Estimates from 67 million simulations

After 9: 71.13%

p99.9: 29

Ran it up to 2 billion. Still holds, but no additional precision! It's somewhere around 71.134%, so it was threatening to round up for a bit.


Got it up to 17 billion and it flipped to 71.135%! I’m away from my computer and can’t remember more digits.

I’m really surprised by this. I knew things converged slowly, but I didn’t appreciate how much and for how long it would move here. I’d be very appreciative if anyone calculated the number.


I got 71.13647% on a first pass. So we want P(all 4 in 9) = 1 - P(not all 4), and we can split that out a few ways. To not get all four, we can restrict ourselves to three, so that's (3/4)^9, but there are four ways of doing that, so that's 4 * (3/4)^9. But that counts using singles and pairs too many times. Specifically each version of "three" can be exactly three balls, three ways of one ball, or three ways of exactly two balls ("1 or 2 or 3" = "1&2&3" or "just 1" or "just 2" or "just 3" or "1&2" or "1&3" or "2&3").

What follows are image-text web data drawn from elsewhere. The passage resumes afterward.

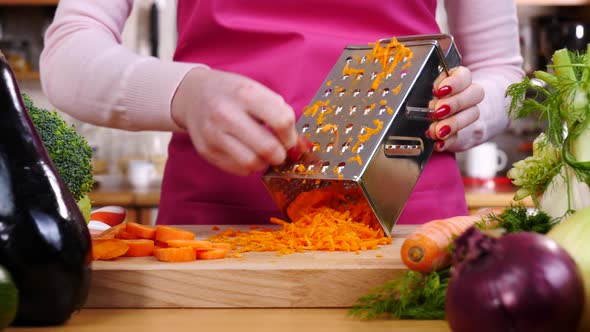 Woman Grating Carrot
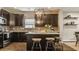 Stylish kitchen featuring dark cabinetry, granite countertops, stainless steel appliances, and an island with barstool seating at 17183 Petersfield Ln, Westfield, IN 46074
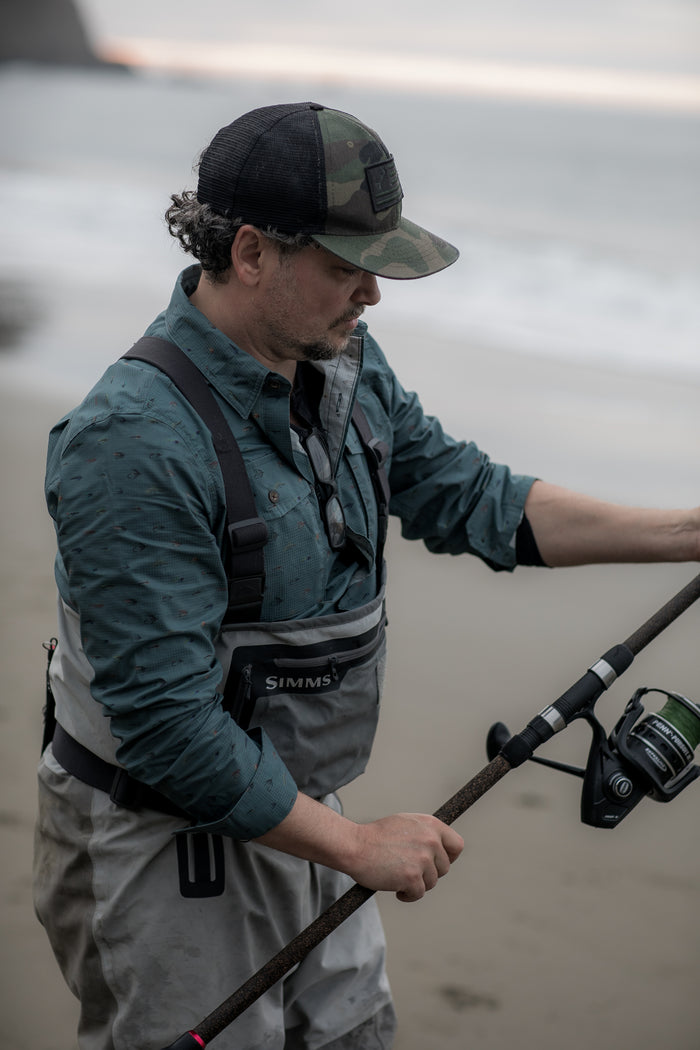 A man wearing a cap, sunglasses, and the Men's Yuba Fishing Shirt - Flies Print stands on a sandy beach with a fishing rod, the ocean in the background.
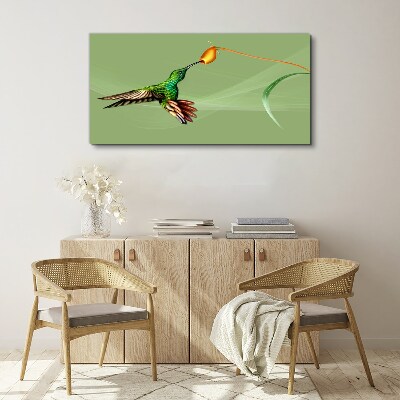 Hummingbird at a flower Print on canvas
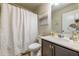 Bathroom with a single sink vanity, a shower curtain, and a decorative mirror at 7144 Gladstone Cir, Stonecrest, GA 30038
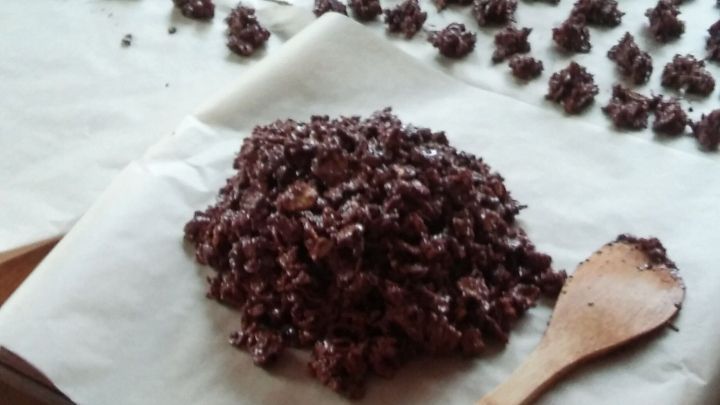 Eine Vielzahl von Schoko-Crossies liegt auf Backpapier, w&auml;hrend eine Holzspatel neben einer gro&szlig;en Menge Schokoladenmasse steht.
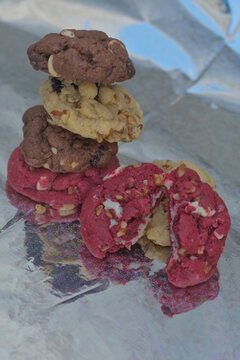 Tower of chocolate chip cookies on metallic foil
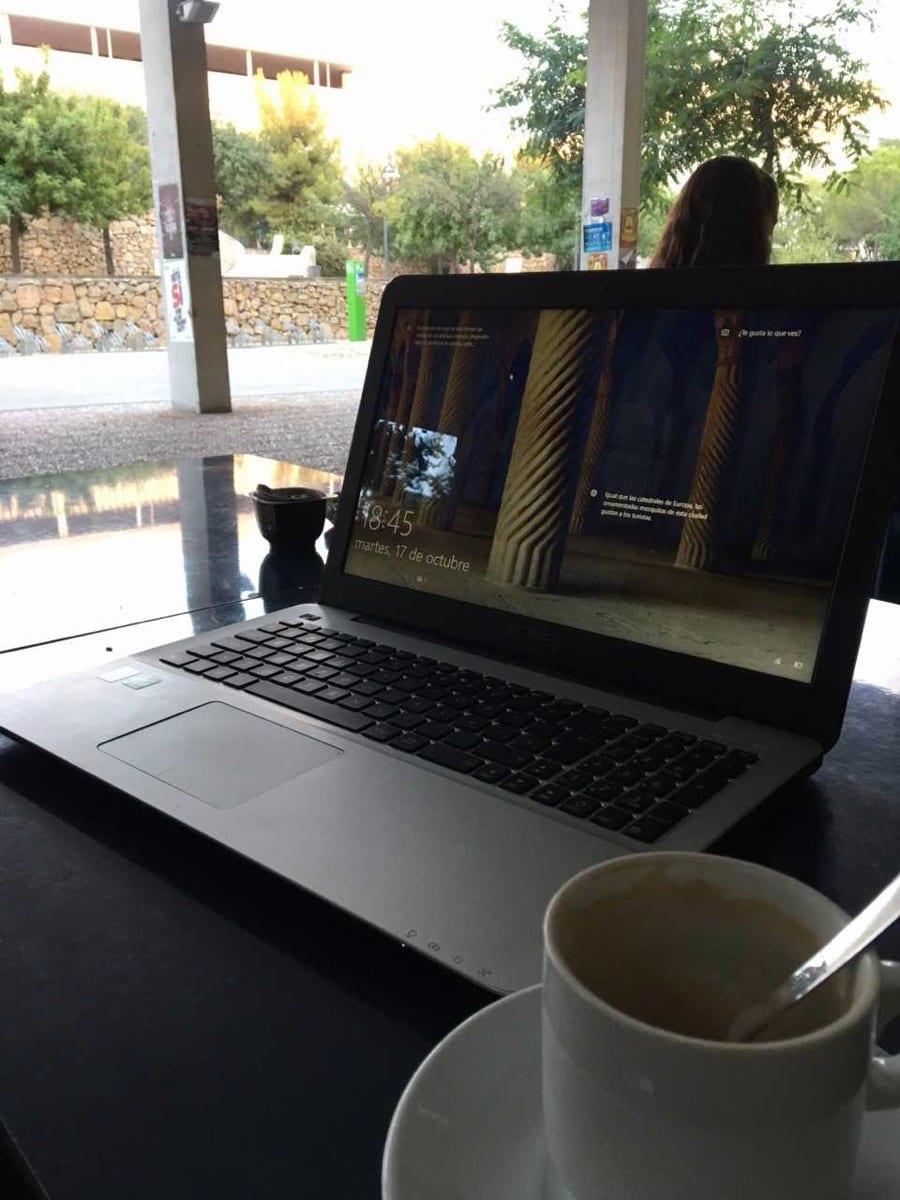 Someone working on a laptop in the quiet early morning: the kind of undistracted effort early rising allows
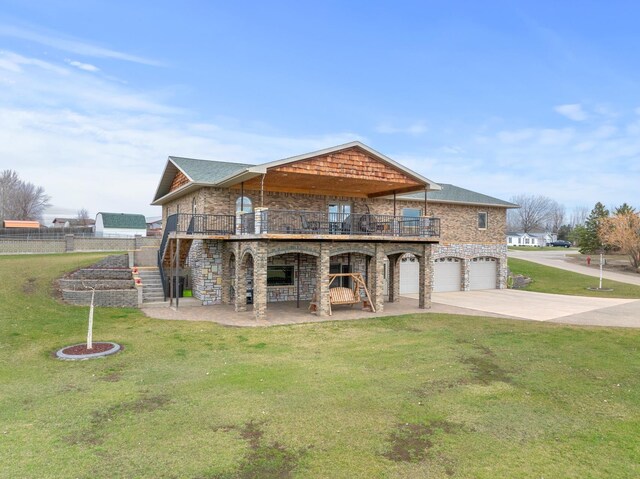 view of front of home with a front lawn, driveway, stairway, and an attached garage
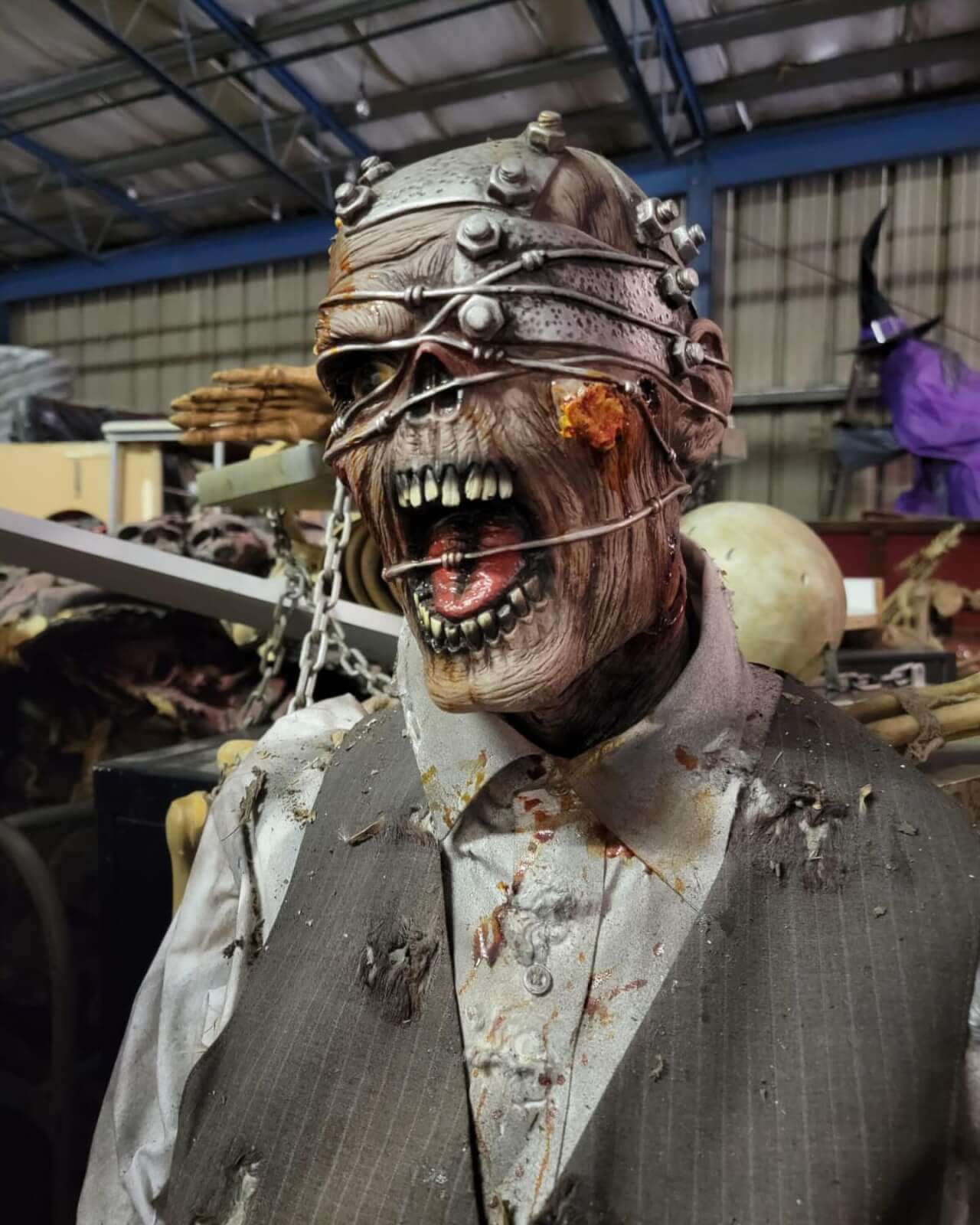 Close-up of a menacing Halloween prop with exposed teeth, an open mouth, and metal wires wrapping its head, dressed in a tattered vest and shirt at the Conjure Haunted Attraction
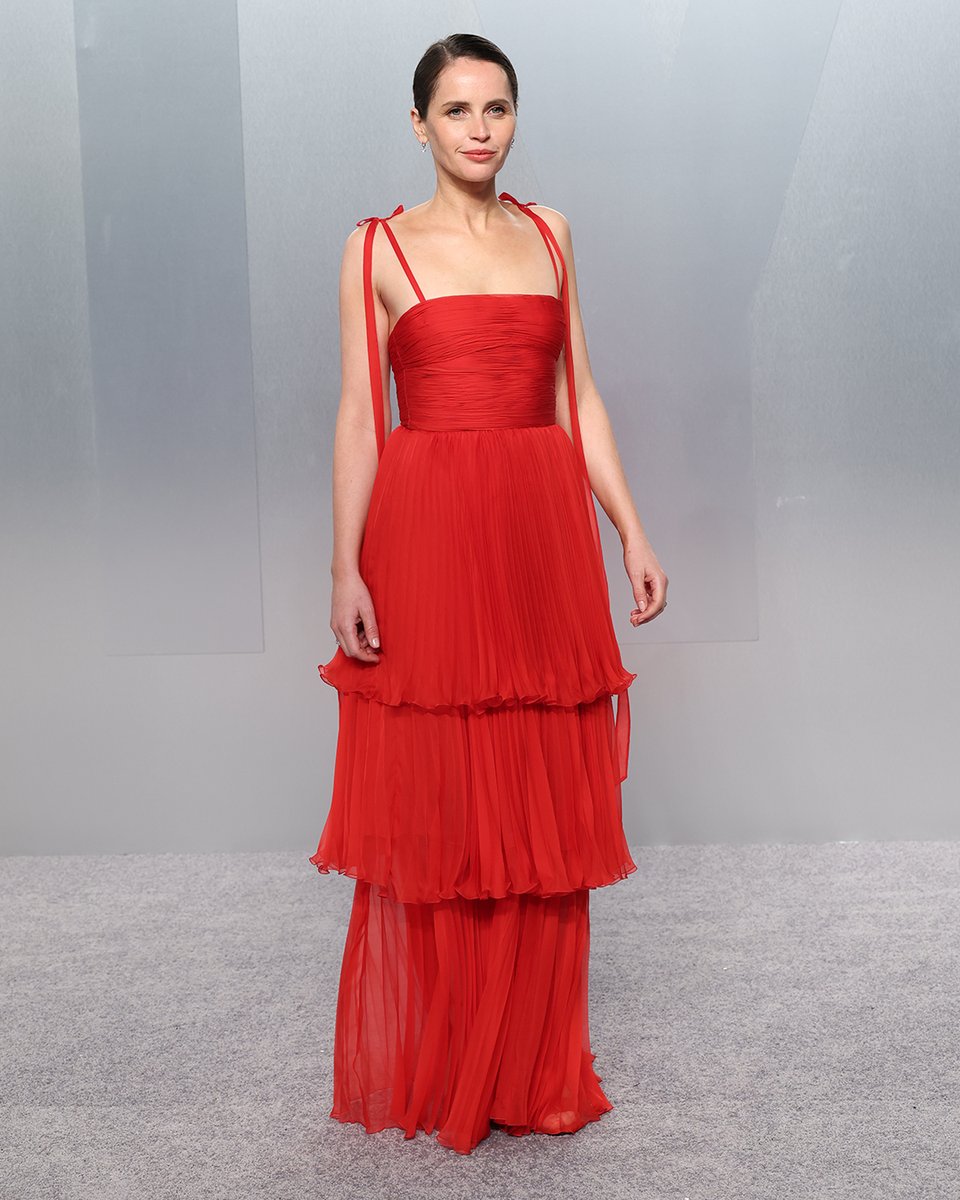 sachin and babi light blue dress FelicityJones wore Valentino at the Vanity Fair Oscars Party. She was seen  in a #ValentinoPreFall2026 red chiffon plissé dress featuring a bustier  bodice and pleated volants. #VFOscars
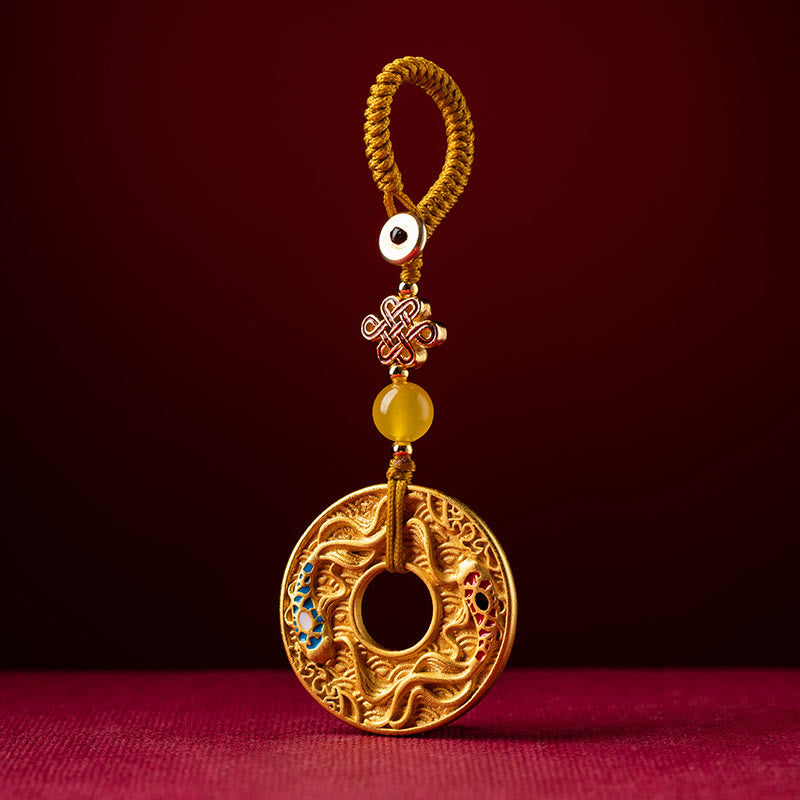 Double Koi Key Ring - natural light product shot on dark background, wealth amulet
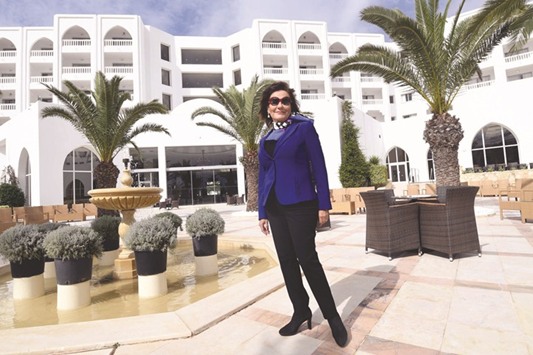 Zohra Driss, owner of the Imperial Marhaba Hotel poses outside the venue in Port El Kantaoui, on the outskirts of Sousse, south of the capital Tunis.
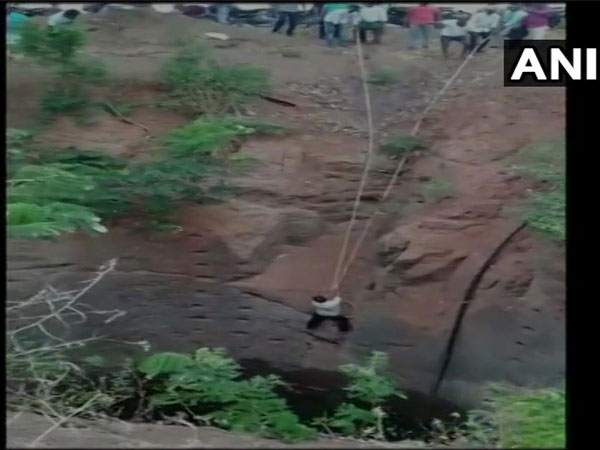 Locals help in rescuing a man who fell into a well in Mucharla Nagaram area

- We can then subtract 6 * P(two balls), so 6 * (2/4)^9. Now this counts singles a few times too, in fact it cancels all of them out.

- We then need to add back four singles, so 4 * (1/4)^9

Putting this together gives:

1 - (4 * (3/4)^9 - 6 * (2/4)^9 + 4 (1/4)^9) = 0.7113647


This took me way too long to understand. :)

But I get it now. If the four prizes are ABCD, then if you calculate your chance of only getting two balls in five purchases, you can do it by calculating your chances to get "A or B" five times in a row. But those include the AAAAA and BBBBB scenarios, which aren't two balls.

Repeat that for AC, AD, BC, BD, and CD.



Don't know if you're still reading this thread, but one thing I'm stumped on is that if I plug in 8.333 instead of 9, I get a probability of around 65%.

If I plug in 7, I still get a probability of above 50%, which seems to conflict with the 8.333 answer calculated upstream.

Wouldn't a positive EV imply that a 50% probability is the break-even?


The reply button is back so I can thank you publicly!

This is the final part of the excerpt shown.